Cortar as emissões de carbono dos aviões será difícil, mas não impossível. Segundo um novo relatório, se houver financiamento, apoio político e combustível alternativo suficientes, a aviação pode contribuir para atingirmos as metas climáticas globais de 2050.
Atualmente, a aviação representa cerca de 3% das emissões de gases de efeito estufa em todo o mundo. Algumas companhias aéreas e grupos da indústria prometeram atingir a meta de zero emissões líquidas até 2050, mas esses planos não costumam incluir detalhes sobre como fazê-lo.
O novo relatório, publicado pelo Conselho Internacional de Transporte Limpo (ICCT, na sigla em inglês), um grupo de pesquisa sem fins lucrativos, descreve possíveis caminhos através dos quais a aviação pode reduzir as emissões o suficiente para cumprir sua parte na meta
estabelecida pelo Acordo de Paris, mantendo o aquecimento global abaixo de 2 °C acima dos níveis pré-industriais. Alcançar esse objetivo exigirá uma ação rápida da indústria, além de políticas que forneçam apoio considerável a tecnologias como combustíveis alternativos que ainda não existem em escala industrial.

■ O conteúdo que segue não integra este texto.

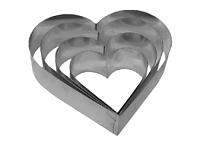 Cake Ring Set "HEART"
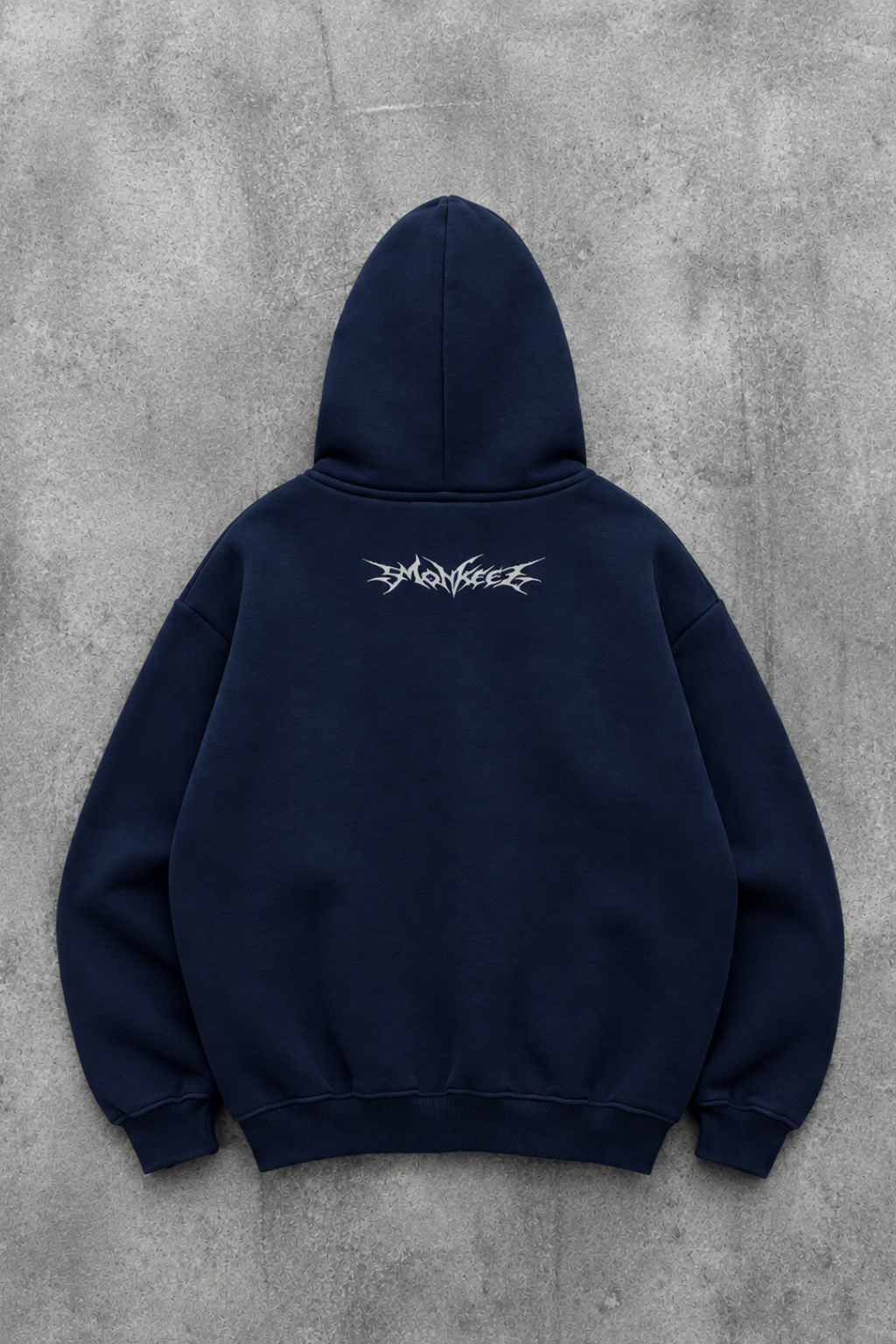 NIGHT WEAVER | GRAPHIC PULLOVER HOODIE | NAVY BLUE | UNISEX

A aviação é uma indústria notoriamente difícil de descarbonizar. Ela possui requisitos rigorosos de operação e segurança, que limitam quais tecnologias podem ser usadas. Os equipamentos têm vida útil longa, então um avião construído hoje ainda estará voando em 2050. Isso significa que, para reduzir as emissões daqui a algumas décadas, o progresso técnico precisa acontecer logo. “Se quisermos descarbonizar a aviação, temos que começar agora”, diz Lynnette Dray, pesquisadora-chefe na University College London, no Reino Unido.
Manter as emissões baixas o bastante para termos menos de 2 ° C de aquecimento significaria reduzir as emissões anuais da indústria em 2050 para cerca de metade dos níveis atualmente projetados. Uma tarefa intimidadora para uma indústria que deve crescer rapidamente nas próximas décadas. Para que essa meta seja atingida, as emissões precisariam atingir o pico e começar a cair até 2030, de acordo com Brandon Graver, um dos autores do relatório e pesquisador sênior de aviação do ICCT. E para conseguir reduzir ainda mais o aquecimento para 1,75 °C, as emissões precisarão começar a cair a partir de 2025.

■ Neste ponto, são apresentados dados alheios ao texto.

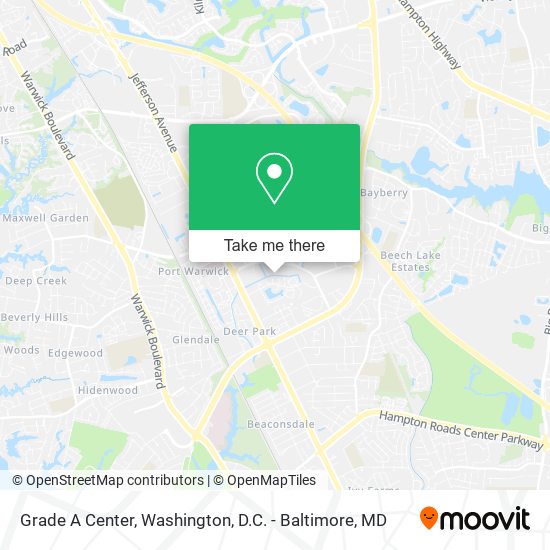 Grade A Center map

Na análise do ICCT, a projeção é de que cerca de 60% das reduções de emissões venham dos combustíveis de baixo carbono.
Entretanto, os novos combustíveis têm um longo caminho a percorrer para conseguirem ter esse tipo de impacto. Os combustíveis de aviação alternativos foram cerca de 0,05% do suprimento total de combustíveis em 2020. Tomando dados de 2018 como base, o fornecimento de um ano inteiro de combustível não fóssil alimentaria a aviação global por cerca de 10 minutos.
Até mesmo na estimativa mais conservadora, o suprimento de combustível alternativo precisaria crescer cerca de 3.000 vezes em relação aos níveis de 2020 para conseguir suprir a demanda em 2050.
Atualmente, o pouco combustível alternativo comercial que é produzido deriva, em grande parte, de gorduras residuais, óleos e graxas. Contudo, o fornecimento desses óleos residuais é limitado. Assim, outros combustíveis precisarão vir de fontes diferentes. Outros biocombustíveis também terão importância, mas, segundo Praveen Bains, analista de biocombustíveis da Agência Internacional de Energia, o impacto real dos biocombustíveis nas reduções de emissões pode variar consideravelmente dependendo de suas fontes. Além do mais, fontes de biomassa, como resíduos agrícolas, não serão o suficiente para alimentar a aviação global.
Portanto, a indústria da aviação também precisará de tecnologias como querosene sintético para servir de combustível alternativo. Nas projeções do ICCT, pelo menos metade do suprimento alternativo de combustível advém dessa tecnologia, na qual a eletricidade é usada para converter dióxido de carbono em combustível de aviação. Apesar de partes desse processo já serem feitas industrialmente, ainda existem perguntas cruciais sobre a tecnologia e seu custo futuro.
Para conseguir os cortes de emissões necessários para ficarmos abaixo de 2 °C até 2050, as companhias aéreas precisarão melhorar a eficiência técnica (quanto combustível um avião queima por quilômetro, por exemplo) e a eficiência operacional (a capacidade dos voos). Adicionalmente, é muito provável que a demanda precise desacelerar, seja porque as pessoas viajarão menos ou porque usarão outros meios de transporte, como trens de alta velocidade.
“Vai dar muito trabalho”, diz Graver, “e não quero que as pessoas pensem que não há mais jeito e que nada vai acontecer. Mas precisamos agir agora”.